:: PROVIDED RECORDS ::
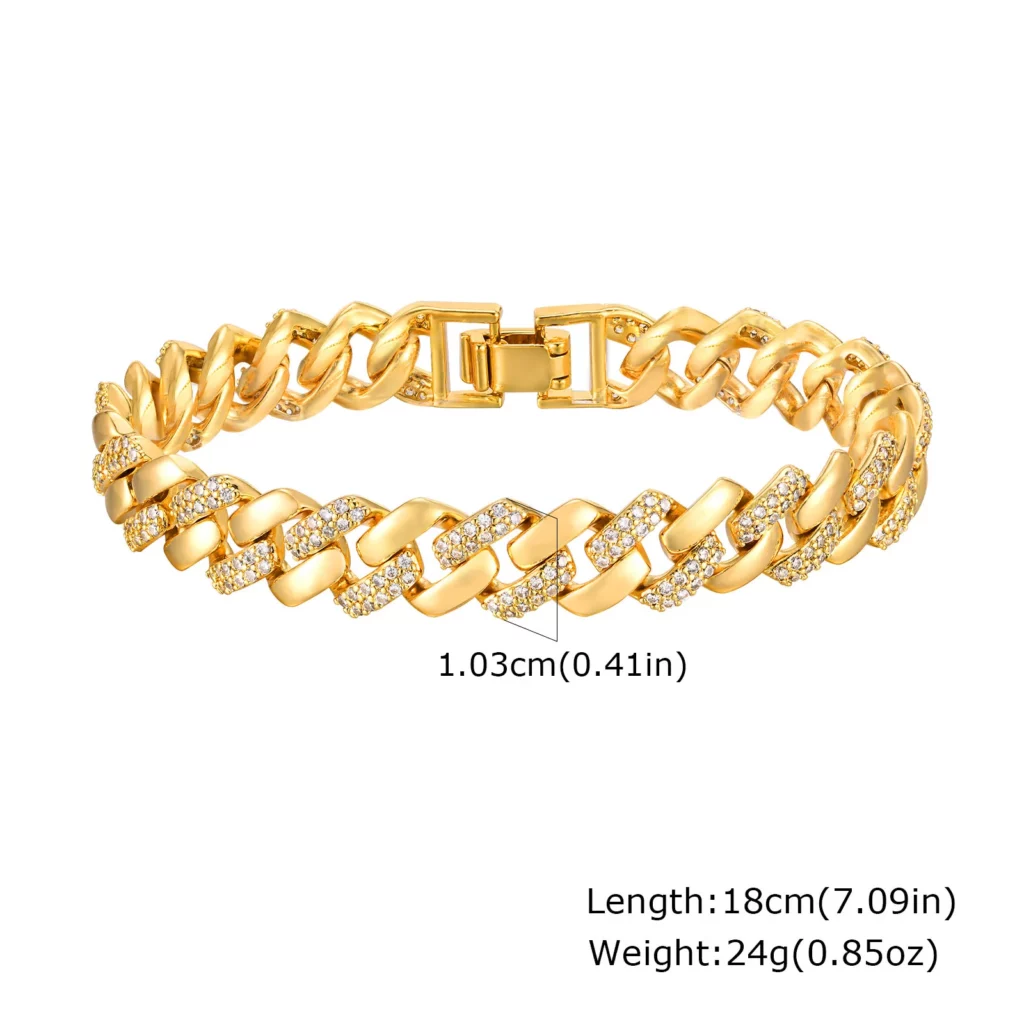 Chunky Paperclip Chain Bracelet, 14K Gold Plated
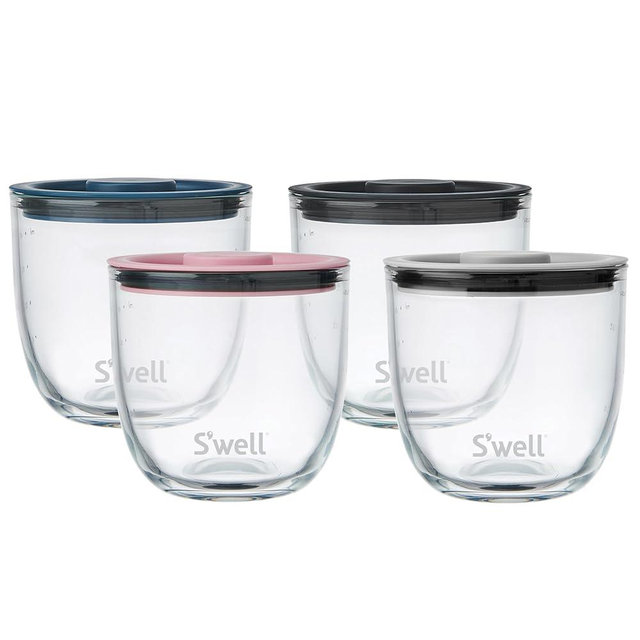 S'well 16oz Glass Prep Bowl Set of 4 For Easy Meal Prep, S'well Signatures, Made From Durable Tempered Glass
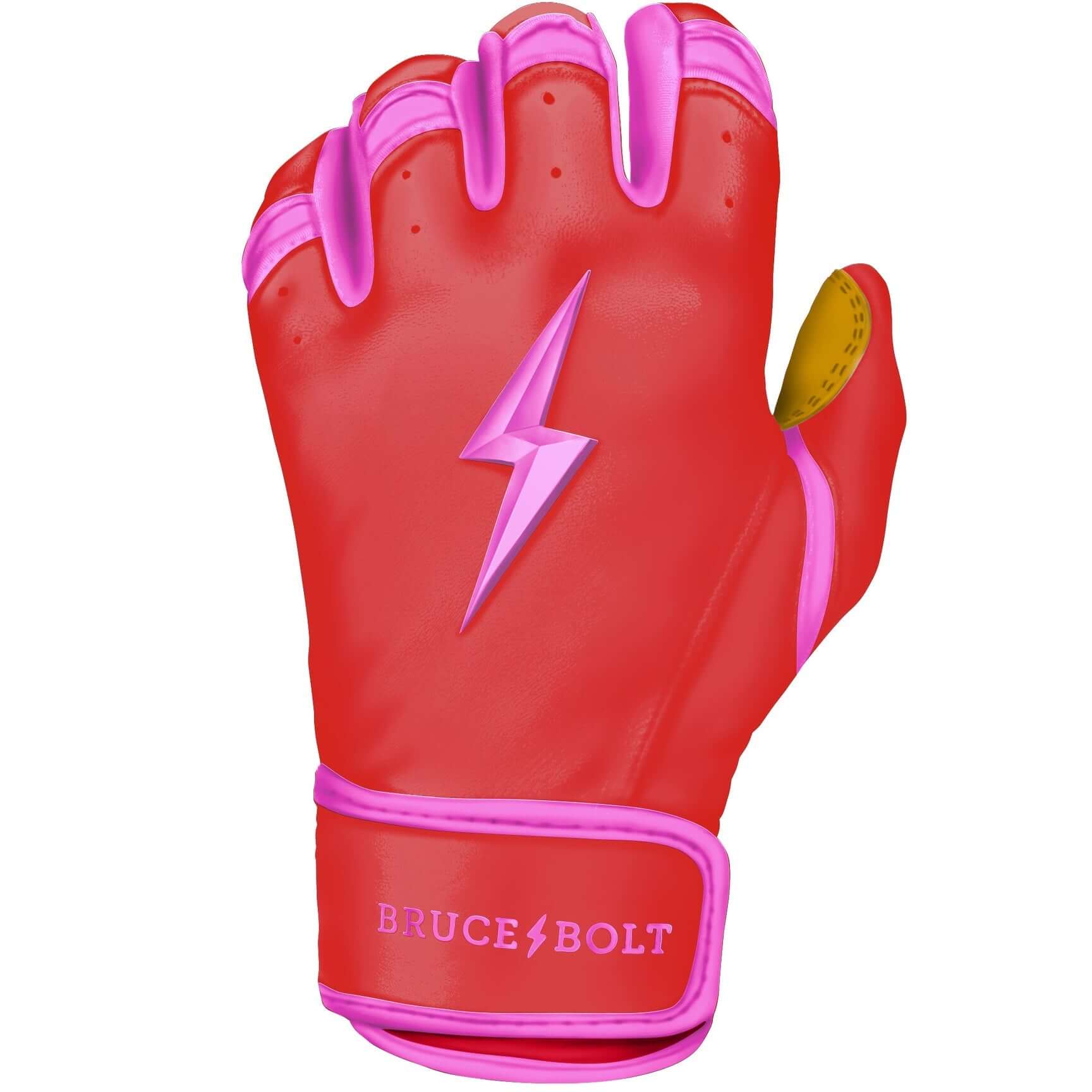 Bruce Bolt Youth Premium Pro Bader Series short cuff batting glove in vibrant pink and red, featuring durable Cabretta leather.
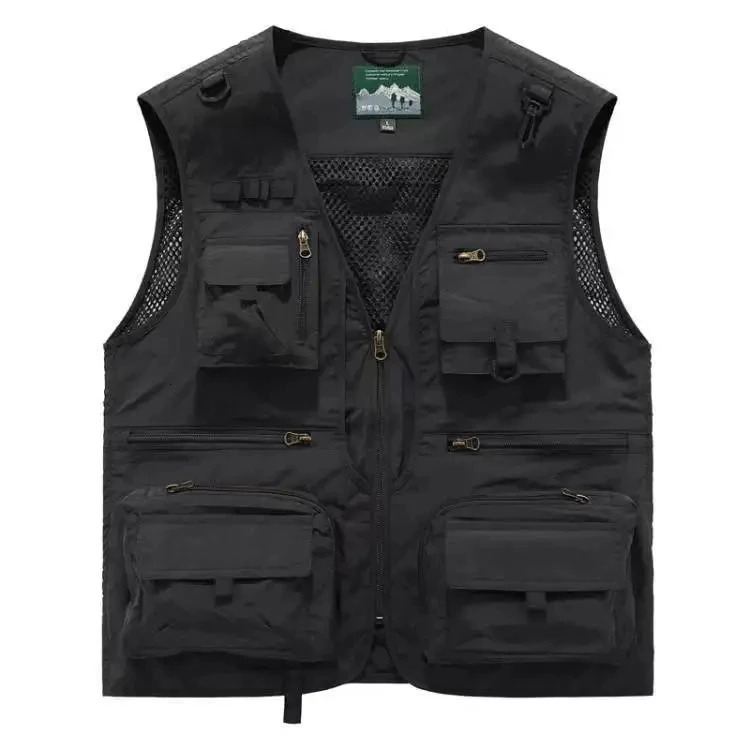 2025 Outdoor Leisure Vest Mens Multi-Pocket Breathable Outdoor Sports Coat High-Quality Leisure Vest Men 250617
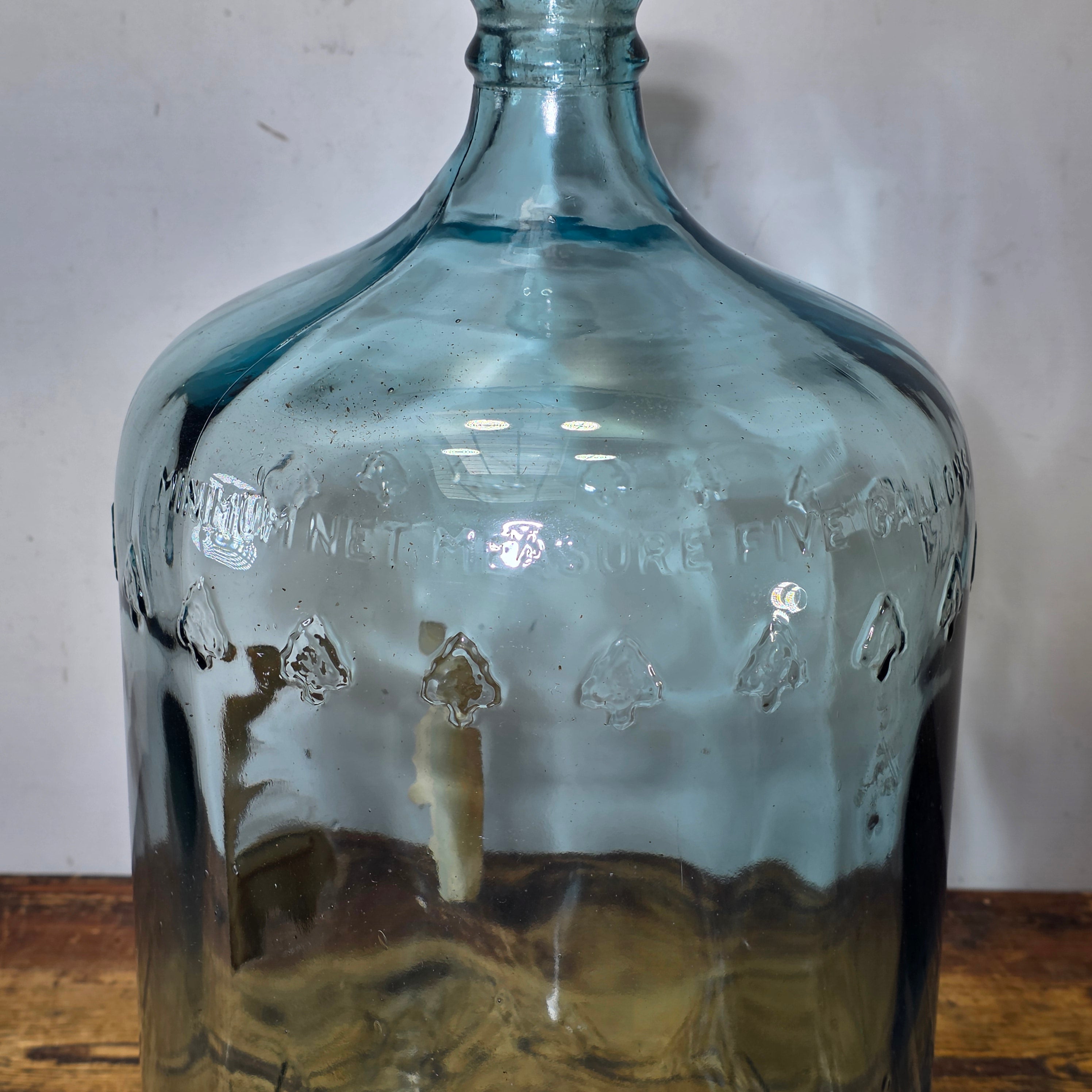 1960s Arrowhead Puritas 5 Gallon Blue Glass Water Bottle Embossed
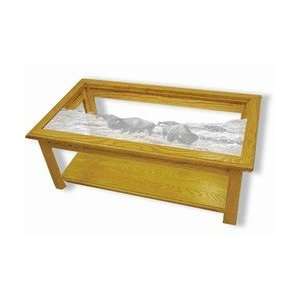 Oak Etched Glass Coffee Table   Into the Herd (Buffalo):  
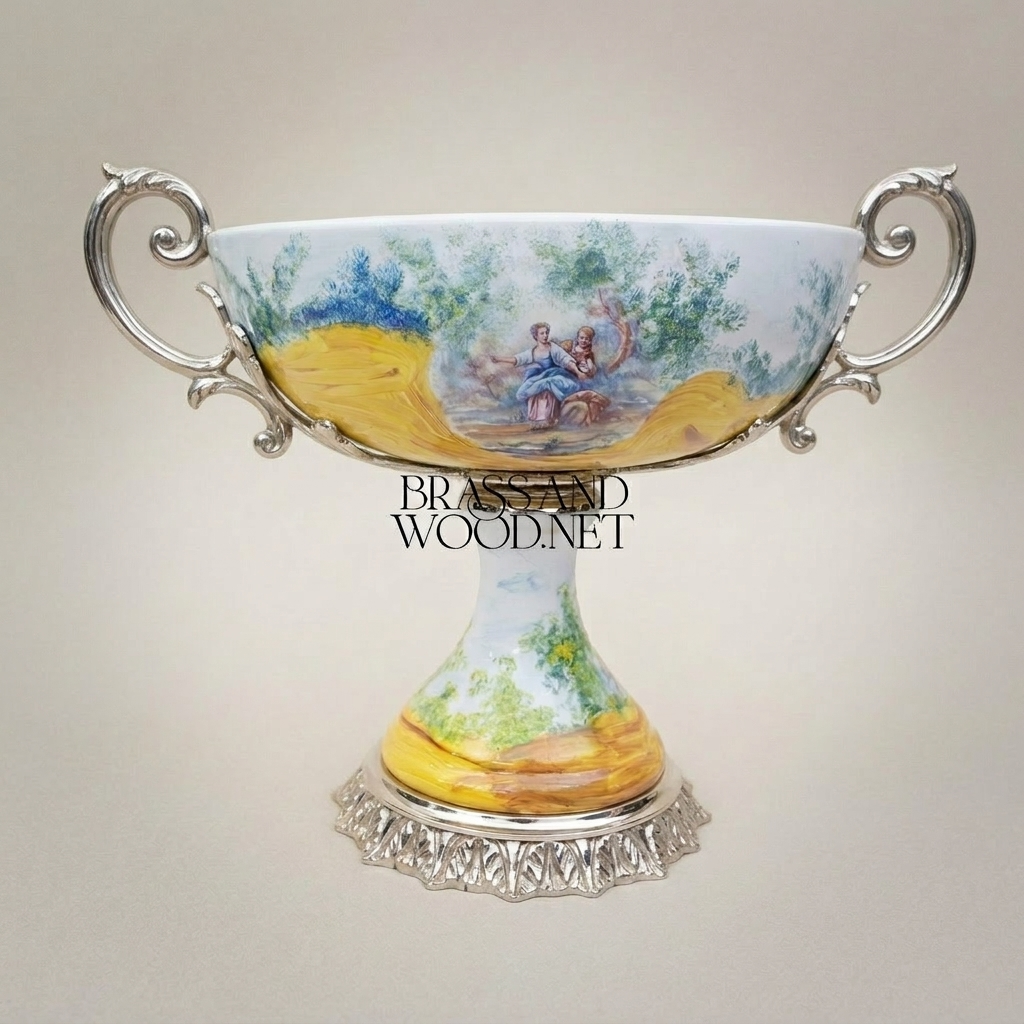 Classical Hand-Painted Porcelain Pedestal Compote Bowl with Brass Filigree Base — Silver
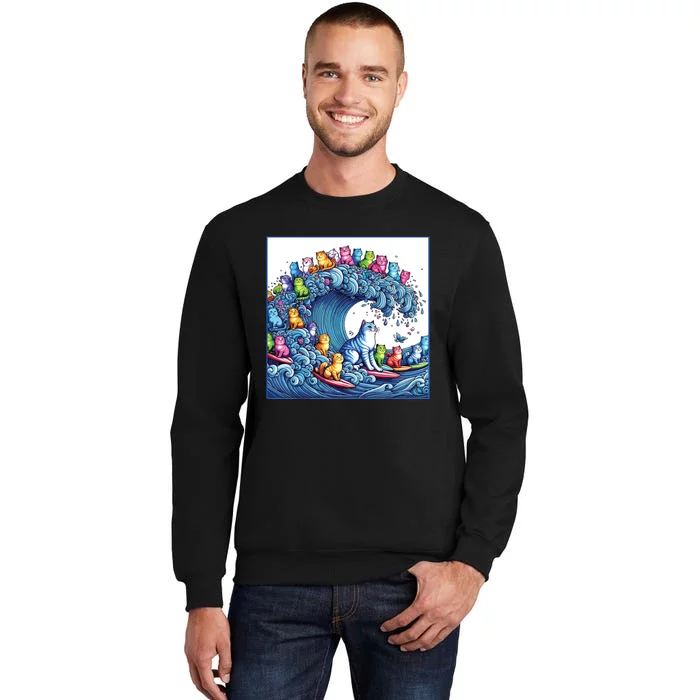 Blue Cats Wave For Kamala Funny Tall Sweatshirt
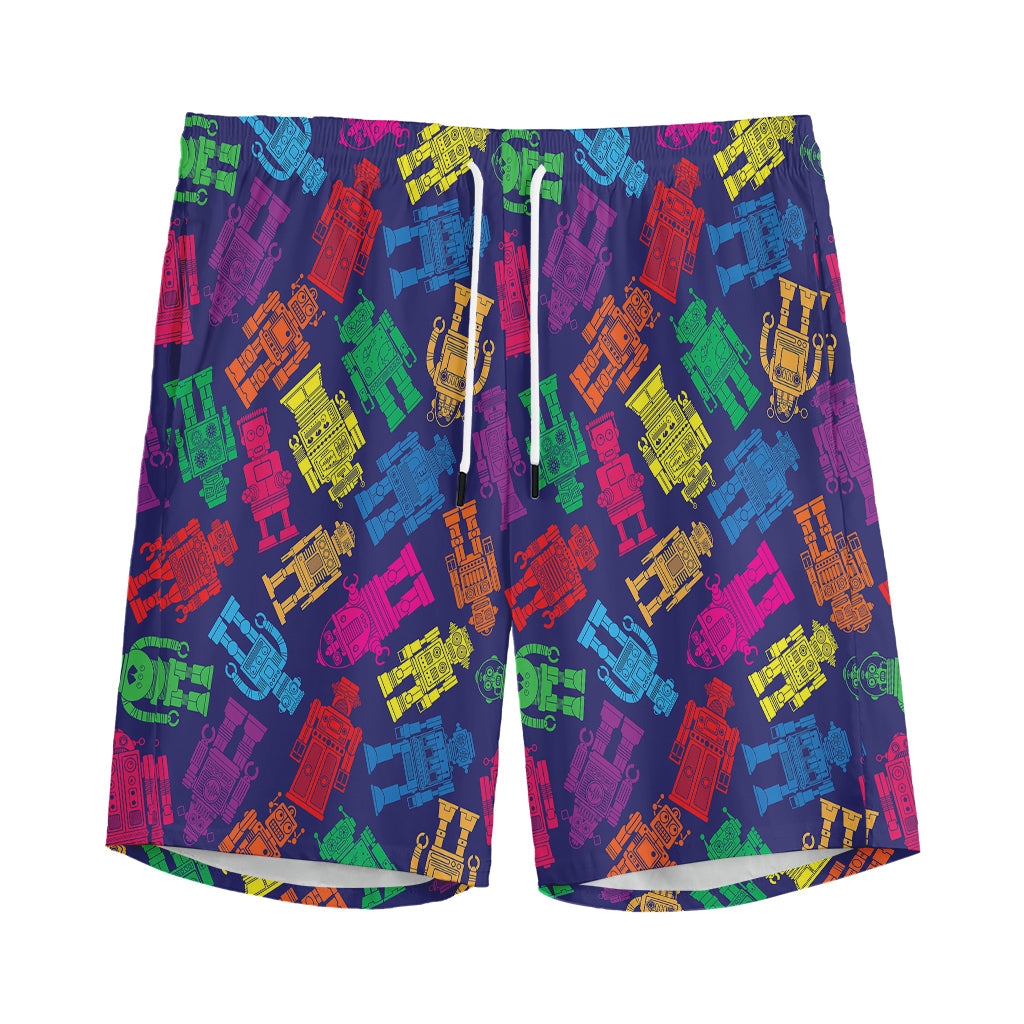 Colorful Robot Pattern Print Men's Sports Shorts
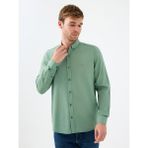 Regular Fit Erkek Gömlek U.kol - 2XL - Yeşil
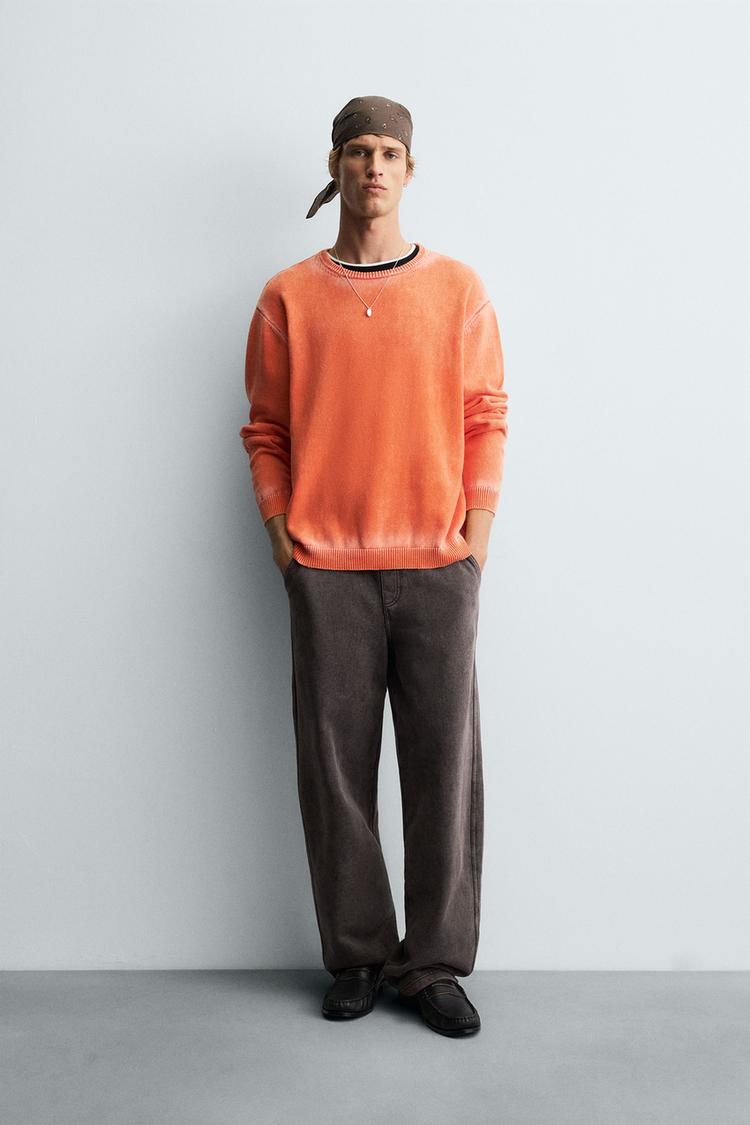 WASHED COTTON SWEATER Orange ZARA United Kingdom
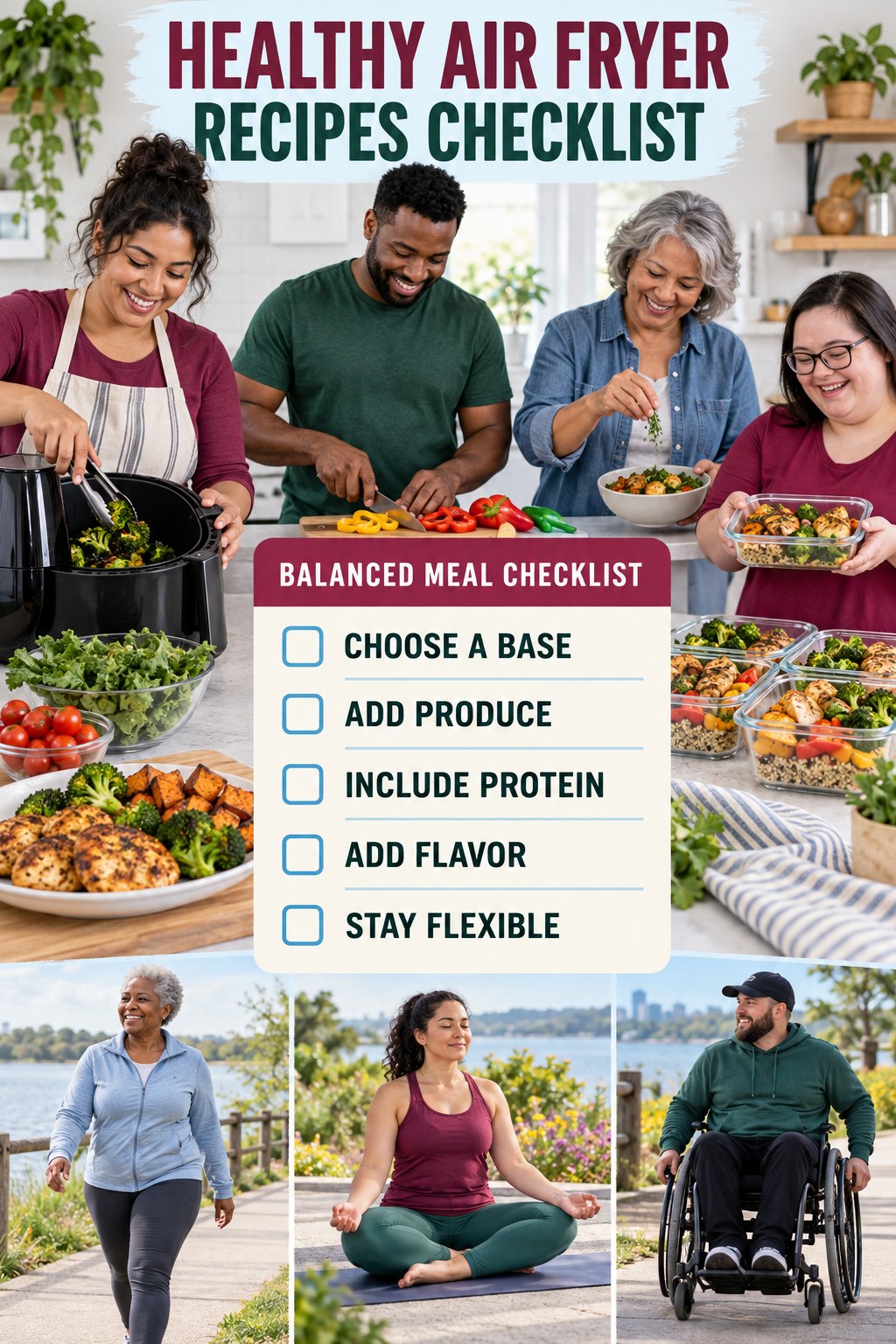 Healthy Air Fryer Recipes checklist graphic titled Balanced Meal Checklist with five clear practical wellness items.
:::
EXERCISE INSTRUCTIONS: Every record above must be repeated exactly, with the pictures dropped.

ANSWER TO THIS PROBLEM:
 Chunky Paperclip Chain Bracelet, 14K Gold Plated
 S'well 16oz Glass Prep Bowl Set of 4 For Easy Meal Prep, S'well Signatures, Made From Durable Tempered Glass
 Bruce Bolt Youth Premium Pro Bader Series short cuff batting glove in vibrant pink and red, featuring durable Cabretta leather.
 2025 Outdoor Leisure Vest Mens Multi-Pocket Breathable Outdoor Sports Coat High-Quality Leisure Vest Men 250617
 1960s Arrowhead Puritas 5 Gallon Blue Glass Water Bottle Embossed
 Oak Etched Glass Coffee Table   Into the Herd (Buffalo):  
 Classical Hand-Painted Porcelain Pedestal Compote Bowl with Brass Filigree Base — Silver
 Blue Cats Wave For Kamala Funny Tall Sweatshirt
 Colorful Robot Pattern Print Men's Sports Shorts
 Regular Fit Erkek Gömlek U.kol - 2XL - Yeşil
 WASHED COTTON SWEATER Orange ZARA United Kingdom
 Healthy Air Fryer Recipes checklist graphic titled Balanced Meal Checklist with five clear practical wellness items.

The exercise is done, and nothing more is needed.